Utensils, Dishes, and Cookware
Think about what you use to eat a meal at home—probably a bowl or plate and a fork or spoon. You’ll want these for your camp kitchen, too. The most affordable option is to repurpose items from your kitchen (plastic dishes are cheaper, lighter, and more durable if you have them) or to purchase them from a thrift store—most sell flatware for less than $1 apiece. If you want something more packable that’s specifically designed to hold up to outdoor use, Primus makes a meal set ($23) that includes dishes, a spice jar, a cup, a spork, and a combination cutting board, colander, grater, and knife. I always bring a small cutting board and a sharpened chef’s knife to slice vegetables, meats, cheeses, and other snacks.
Whether you’re making coffee, rehydrating freeze-dried meals, or cooking from scratch, you’ll need a pot. A small one from home will do, or try GSI Outdoors’ Glacier Stainless Bottle Cup/Pot ($13). If I know I’ll be cooking things and also boiling water, I’ll bring my smallest pan. Snow Peak’s Personal Cooker 3 ($30) is a good option for a full set of lightweight nesting pots and pans.
Food and Water Storage
What’s on the menu for your camping trip? Will you be cooking meals or adding boiling water to dehydrated backpacking food? If it’s the former, you’ll need a cooler to keep your freshest ingredients from spoiling. The Mountain Khakis Compass 6-Pack ($50) is a tried and true—but small—soft-sided cooler. I’ve kept things cold in the summer with the classic hard-sided Igloo Playmate ($15) or Igloo’s new Recool compostable model ($10). In lieu of a table, you can use the top of a flat cooler, your truck’s tailgate, a log, or the ground.

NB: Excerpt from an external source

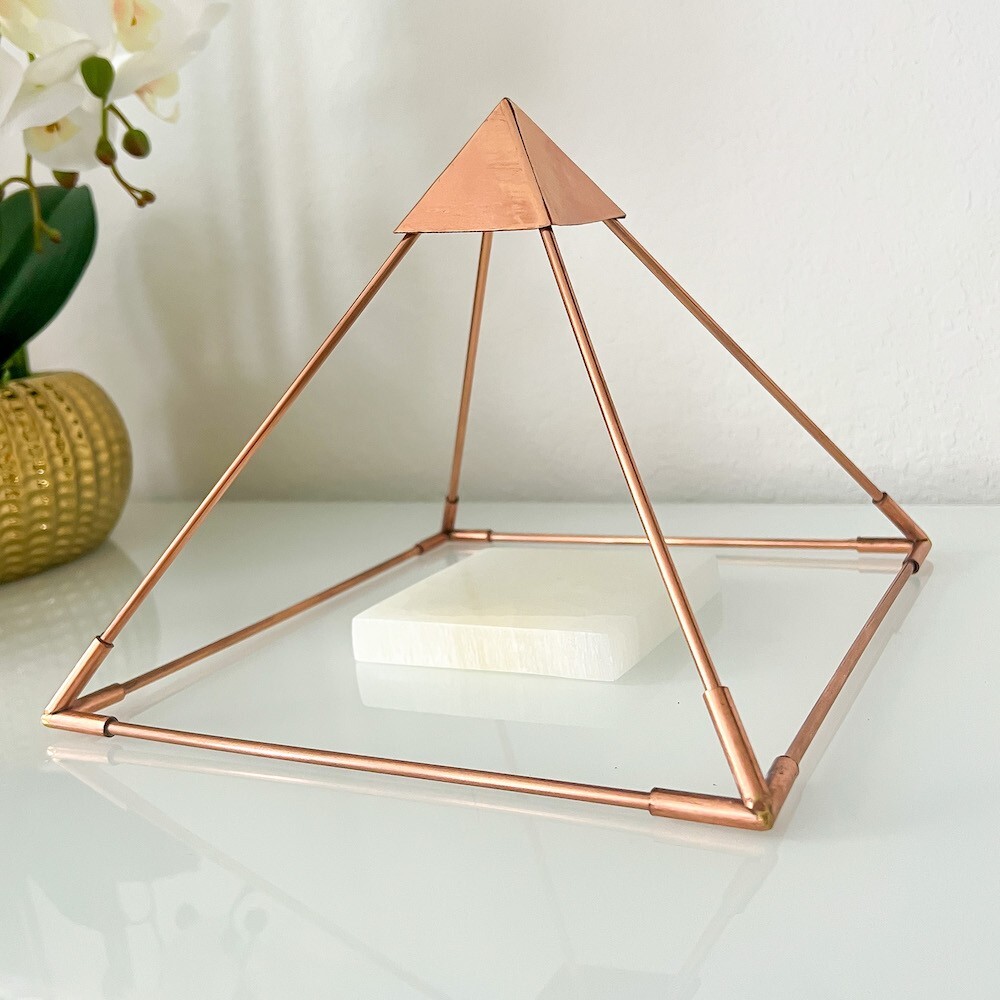 9 in. 100% Solid Copper Pyramid Giza Shaped for Meditation Reiki Chakra Balance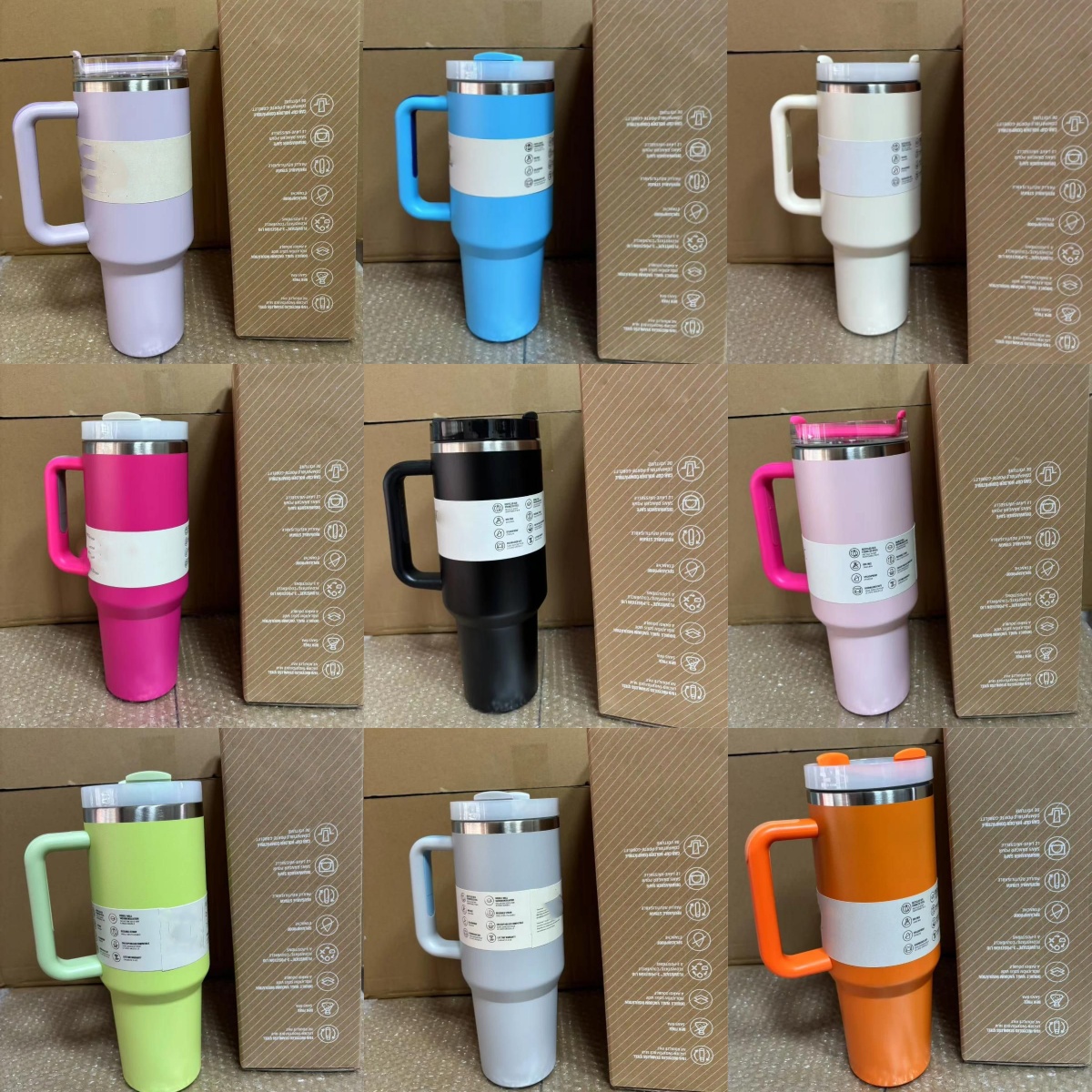 40oz Water Bottle Tumbler With Handle and Straw | Cup Holder For Travel |insulated Stainless Steel Mug |BPA Free Camping cup coffee mug for travel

To ensure you have plenty of water for your trip, top off a reusable water jug or container, preferably one with a spout. You can refill the jug at a gas station or campground, or if you’re close to a water source, clean your drinking water with a filter like the Sawyer Mini ($22).
You won’t be bringing your kitchen sink, but you can create a makeshift wash station with a plastic bin. Add a sponge and a few towels to your kit, along with a trash bag to help you leave no trace. Then, when you get home, wash and sanitize everything again before you stow it away for your next trip.